The Mississippi River has flooded many times over the years. In 1851, the river and its tributaries were said to be out of their banks during a great flood that year.
The main tributaries affecting the local area are the Rock River and the Green River. The Green River stretches from Amboy, winding its way to Hoopole and Geneseo, then coming in by Colona to meet up with the Rock River. Floods sometimes make areas of farmland unavailable for spring planting.
Floods also have claimed crops that were ready for harvest. By June 2, 1892, hundreds of acres of sweet potatoes and melons were three or four feet underwater at Muscatine.
Quad-Citians’ ability to adapt to flooding goes back to those early days when inhabitants, fearful of discouraging immigrants from settling here, minimized flooding difficulties, especially in news reporting.
The National Weather Service at Moline indicates that prior to the 1993 flood, the river had been over the flood stage of 15 feet many times. Between the turn of the century and the great flood of 1965, the Mississippi flooded eight times. In 1920, the river reached 17.10 feet. It reached the same level again in April 1922.
After the river's 26 locks and dams were completed, creating a nine-foot channel, the river still created record flooding. In 1951 and 1952, the river rose over 18 feet at Moline. Typhoid shots were administered to residents, and the battle against rats began in several river towns.
The historic flood of 1965 started at St. Paul, Minn., when the river crested 9.9 feet above flood stage. At Moline, it reached 22.48 feet, more than 7 feet above flood stage. The 1965 flood was a result of spring rains and melting snows filling river basins with too much water.
The staggering damage wrought by extreme flooding often is due to man-made encroachments such as levees, highways and railroad embankments, plus homes and businesses that occupy important portions of the flood plain previously used by the river.
In the early days, the railroad business and lumber industry were located along the rivers. Both industries came to a halt during times of serious floods. Steamboats were said to be going over cornfields.
“By the time the river was over its banks, we had forsaken our old paths and were hourly climbing over bars that had stood 10 feet out of water before; we were shaving stumpy shores, like that at the foot of Madrid Bend, which I had always seen avoided before; we were clattering through chutes like that of 82, where the opening at the foot was an unbroken wall of timber till our nose was almost at the very spot,” wrote Mark Twain in his book “Life on the Mississippi.”
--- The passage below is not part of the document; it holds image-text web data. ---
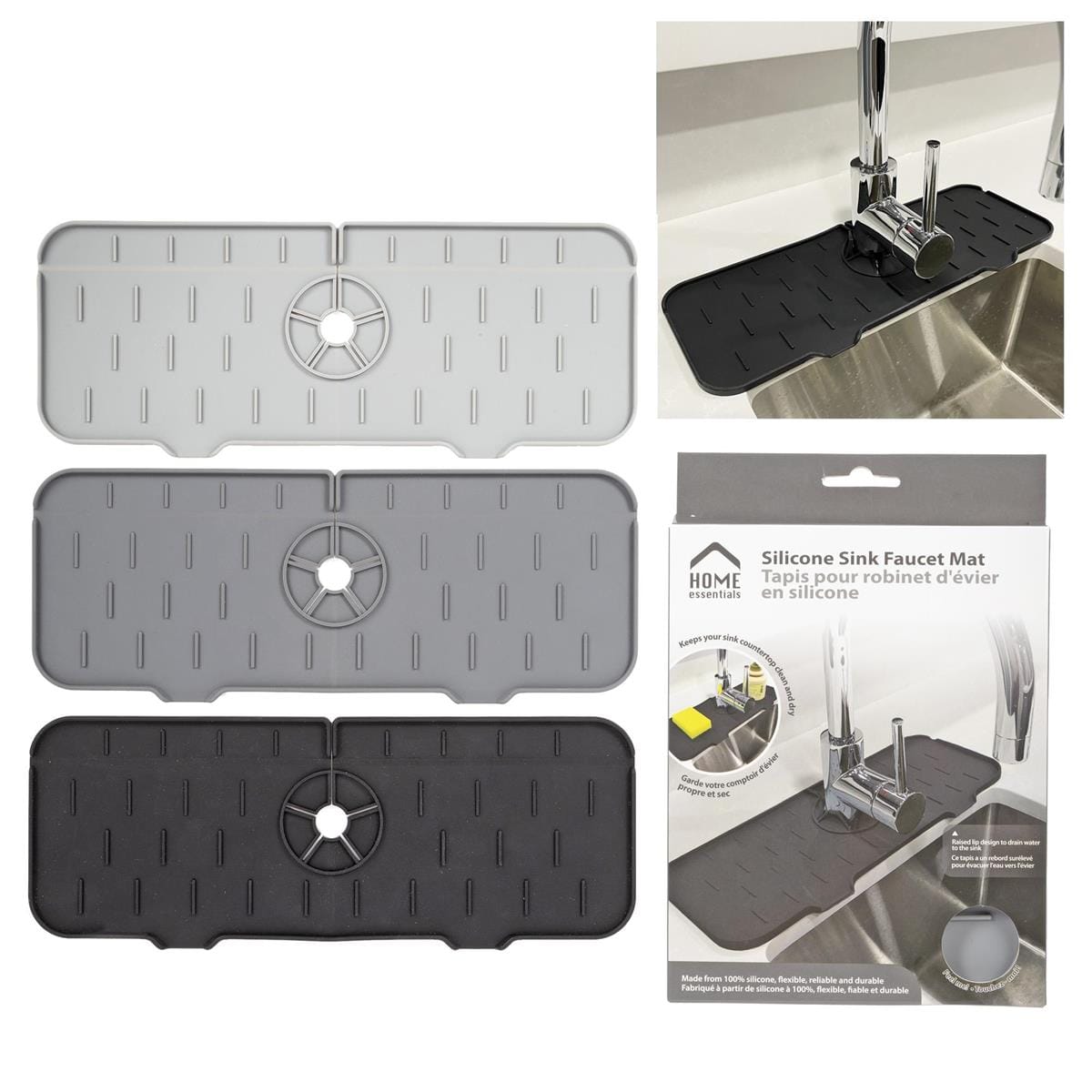 H.E. SILICONE SINK FAUCET MAT 36.5X14CM, 3 colours - Brantford Surplus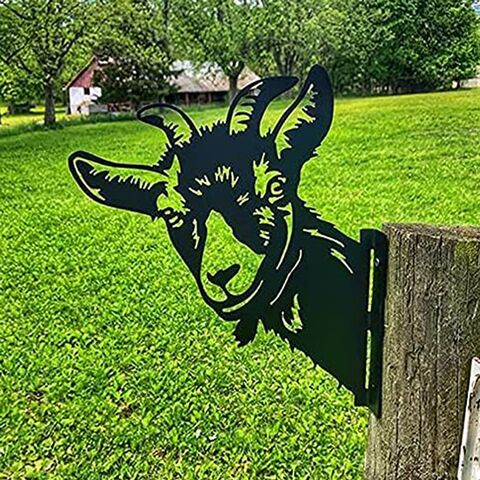 Venta al por mayor de decoraciones de jardín con diseño de silueta de animales cortadas con láser personalizadas, arte en metal para jardín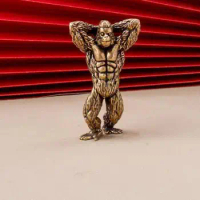 Retro Brass Fitness Gorilla Figurines Muscle Gorilla Statue Desktop Decoration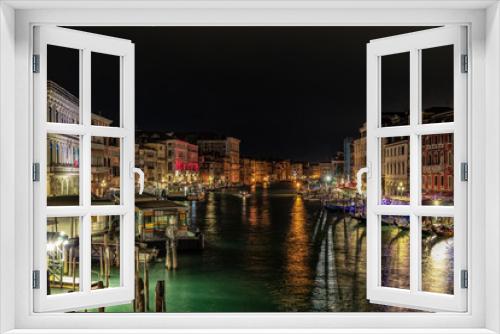 Fototapeta Naklejka Na Ścianę Okno 3D - Canal Grande at night
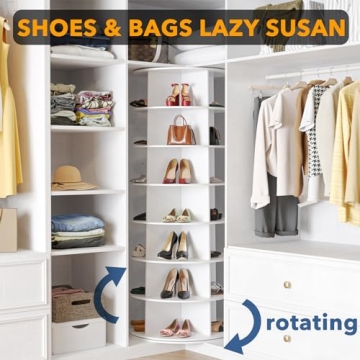 SpaceAid 7-Tier Rotating Shoe Rack Tower Spinning Storage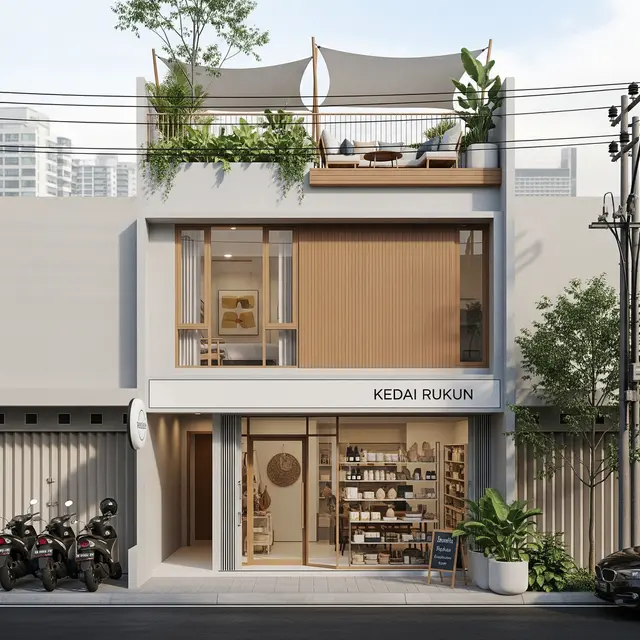 Rumah Minimalis dengan Ruko di Depan dan Hunian di Belakang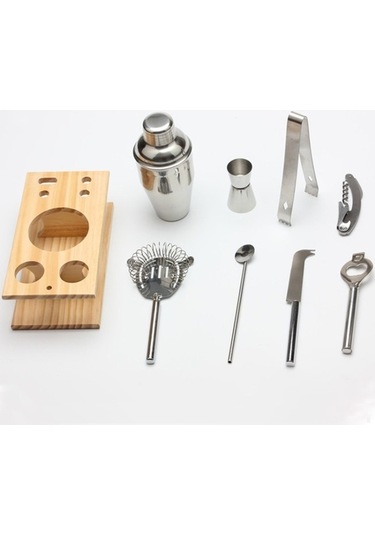 Dancemonkey Ahşap Montajlı 9'u 1 Arada Süper Tasarım Paslanmaz Çelik Kokteyl Çalkalayıcı 350ml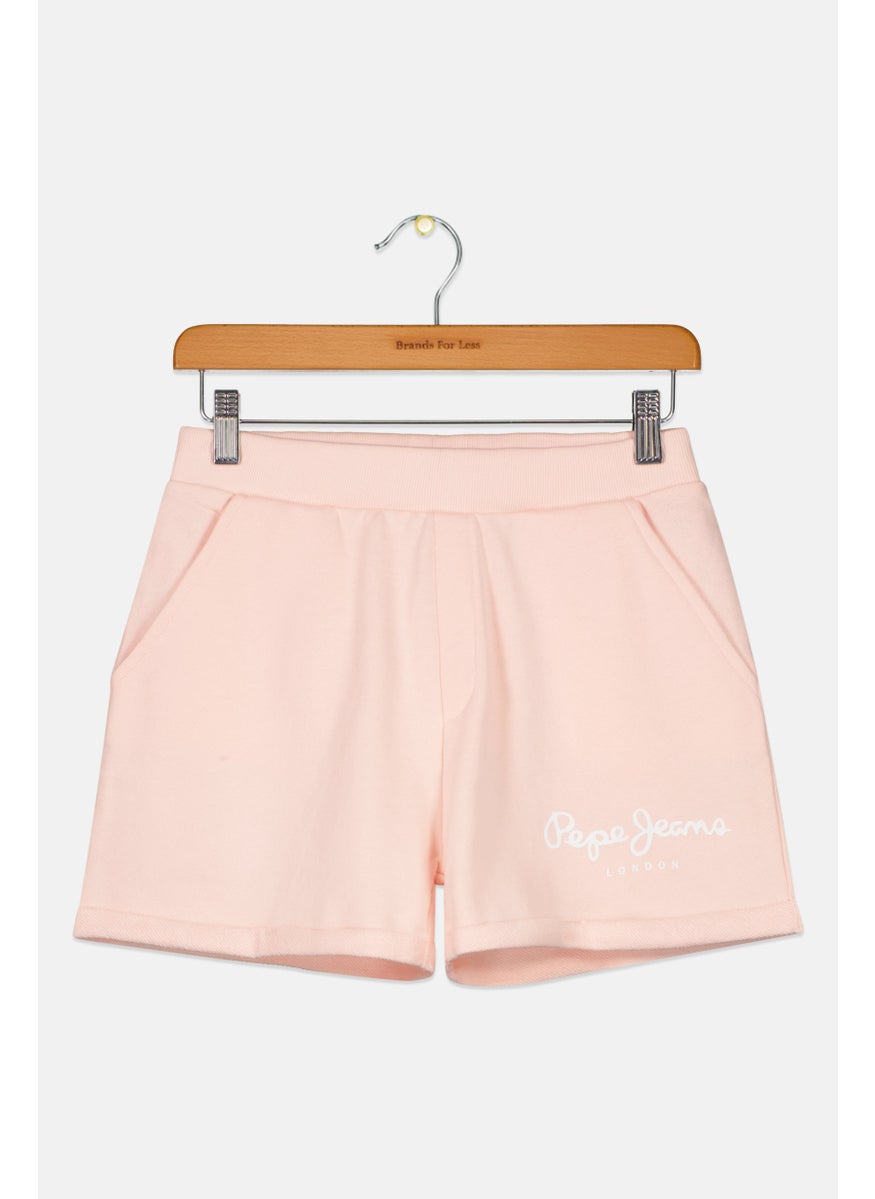 Kids Girl Brand Logo Shorts, Light Pink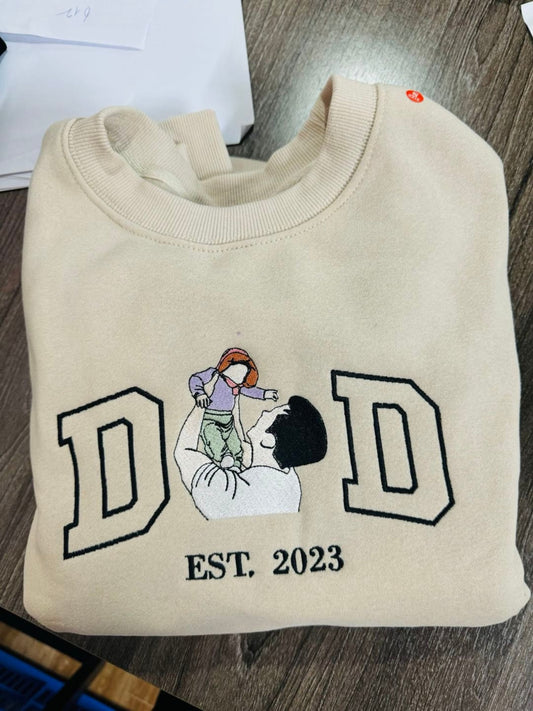 Papa Sweatshirt Benutzerdefinierter Vater Und Sohn, Personalisiertes Portrait Vom Foto Sweatshirt Bestickt, Hoodie Lustige Papa Hoodies Vatertagsgeschenk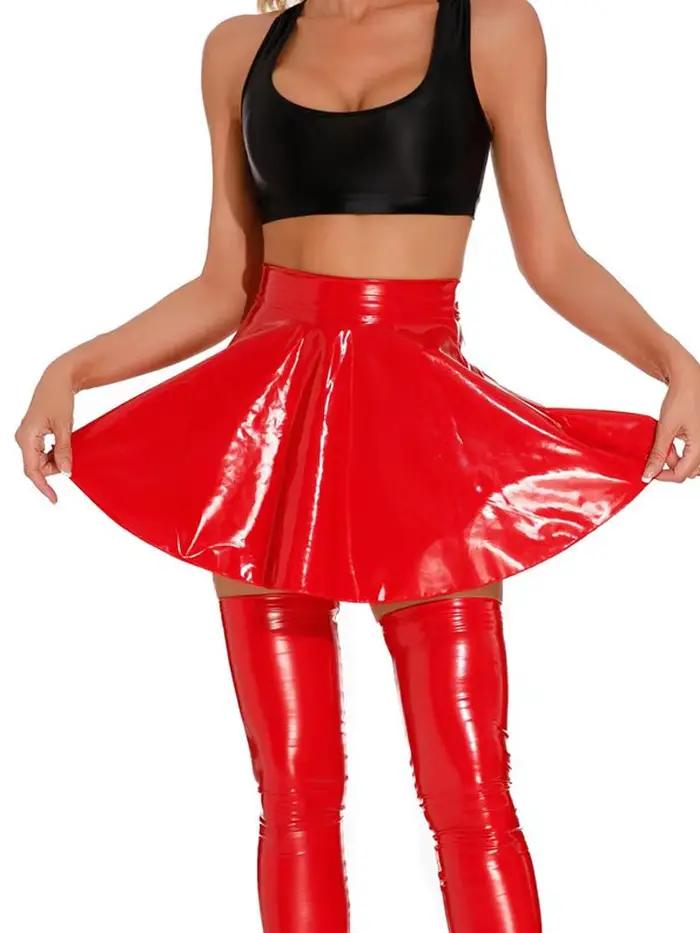 Jupe plissée évasée brillante à l'huile pour femmes, Sexy, look mouillé, Faux cuir PU, MINI jupe à volants, vêtements de scène en Club, vêtements de danse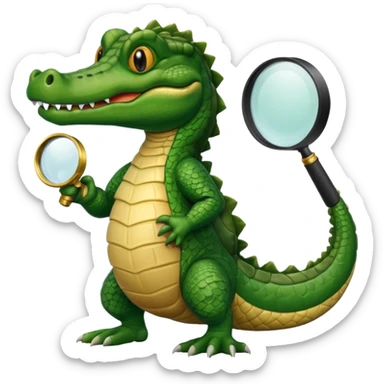 A gator with a magnifying glass sticker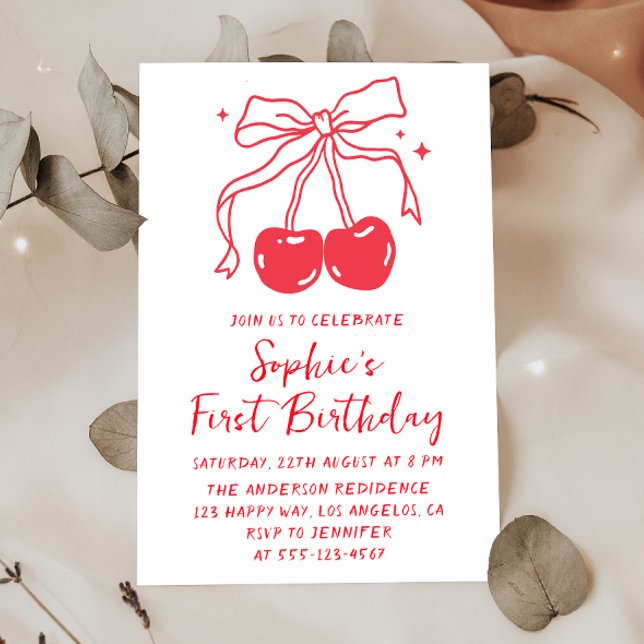Invitación Minimal Red Bow Cherry Fruit 1st Birthday Party (Subido por el creador)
Twain was writing about boats that traveled the sloughs of the Mississippi River, allowing passengers to discover the parts of the river found in the chutes and backwaters.
“Some of the chutes were utter solitudes," he wrote. "The chutes were lovely places to steer in; they were deep, except at the head; the current was gentle; under the ‘points,’ the water was absolutely dead, and the invisible banks so bluff that where the tender willow thickets projected, you could bury your boat’s broadside in them as you tore along, and then you seemed fairly to fly.”
“Once in one of these lovely island chutes, we found our course completely bridged by a great fallen tree,” wrote Twain. “This will show how narrow some of the chutes were. The passengers had an hour’s recreation in a virgin wilderness, while deck-hands chopped the bridge away; for there was no such thing as turning back, you comprehend.”
Twain also wrote about people who lived along the river having to live in flatboats during a flood.
“You can’ t say that the river is very charitable on the measure of a flood in a town,” he wrote. “Except for the fact that the streets are quiet of kids and drays, there really is nothing good to say about a flood.”